Altogether this raises concerns about the possible existence in Iran of past or current undisclosed activities related to the development of a nuclear payload for a missile.
IAEA's new chief, Yukiya Amano, is seen as more inclined to confront Iran than his predecessor, Mohamed ElBaradei, who retired on December 1.
Now we see from (available intelligence) that certain activities may have continued after 2004, said a senior official close to the IAEA. We want to find out from Iran what they've had to do with these nuclear explosive-related activities.
The U.S. director of National Intelligence concluded last year that Iran would not be technically able to devise a nuclear weapon before 2013. But a new intelligence estimate is due soon.
Iran has dismissed the intelligence reports as fabrication but failed to provide its own evidence. Tehran has boycotted contact with the IAEA on the matter for 18 months.
The report, to be considered at a March 1-5 meeting of the IAEA's 35-nation board, said it was vital for Iran to cooperate with IAEA investigators without further delay.
Last week, Iran announced a start to higher-scale enrichment, saying it was frustrated at the collapse of an IAEA-backed plan for big powers to provide it with fuel rods for nuclear medicine made from uranium refined to 20 percent purity.
The IAEA report complained that Iran had begun feeding low-enriched uranium (LEU) into centrifuges for higher refinement before inspectors could get to the scene in the Natanz pilot enrichment facility.
We have expressed our dissatisfaction, said the senior official close to the IAEA. It is of paramount importance to have this information in a timely way to make sure there are no undeclared activities or facilities in Iran.
The big powers accused Iran of reneging on an agreement to ship out two-thirds of its LEU reserve to be turned into fuel rods for the medical reactor. This would have prevented Iran retaining enough of the material to fuel a nuclear weapon, if it were refined to about 90 percent purity.
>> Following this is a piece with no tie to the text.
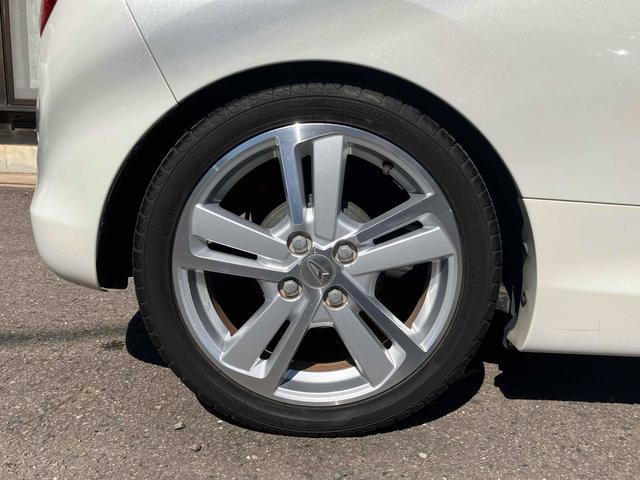 コペン セロ　車高調　ＥＴＣ　バックカメラ　ナビ　ＴＶ　ＬＥＤヘッドランプ　スマートキー　電動格納ミラー　シートヒーター　ＭＴ　盗難防止システム　ＥＳＣ　アルミホイール　衝突安全ボディ　エアコン　パワーステアリング（28枚目）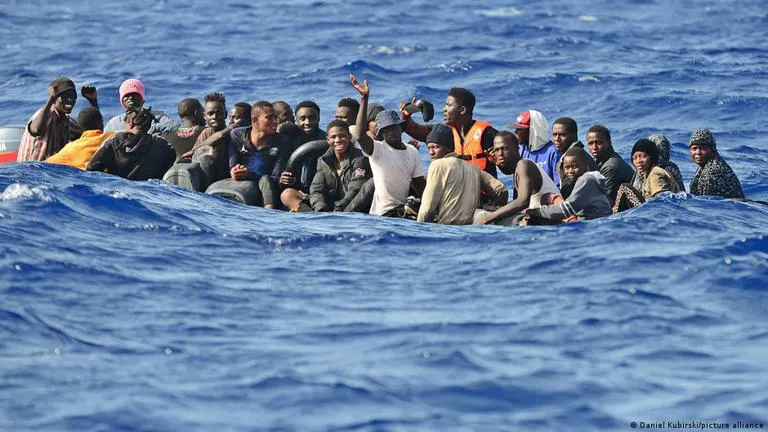 Tragedia en el Mediterráneo: Al Menos 10 Personas Mueren al Naufragar una Embarcación de Migrantes en Malta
Only France, one party to the U.N. draft deal, and Argentina are known to possess the technology. So analysts ask why Iran would enrich uranium well above its needs, except to lay the groundwork for producing bomb-grade uranium.
The report also said Iran increased its LEU stockpile by some 250 kg (550 pounds) to 2,060 kg since November -- enough for one or two nuclear bombs if enriched to 90 percent purity.
Iran had earmarked 1.95 tons of its LEU for enrichment up to 20 percent, it said, a significant escalation as further refinement to the weapons-grade threshold would need only around six months.
This quantity is far in excess of the (medical reactor's) needs, David Albright, head of the Institute for Science and International Security, said in an online commentary.
But the IAEA report also attested to stagnating capacity at Natanz. It said the number of operating centrifuges had dropped to 3,772 from nearly 4,000.
This was well under half of all the machines installed in Natanz, the report indicated. Analysts and diplomats close to the IAEA say Iran may be having serious mechanical problems in keeping thousands of antiquated centrifuges running in unison.
The U.S. official said the Iranians were accumulating LEU at a fairly low rate compared to what they should be able to do on paper and that Tehran seemed to be at least several years away from accumulating enough 20 percent enriched uranium that could then be converted into bomb-grade material.
But the senior official close to the IAEA said Iran seemed to be shifting focus to a second enrichment site at Fordow near Qom, which Iran has said will preserve the program if foes bomb Natanz and be operated with advanced centrifuges able to enrich two to three times as fast.
Tucked deep inside a mountain bunker to ward off attack, the plant at Fordow is scheduled to open in 2011.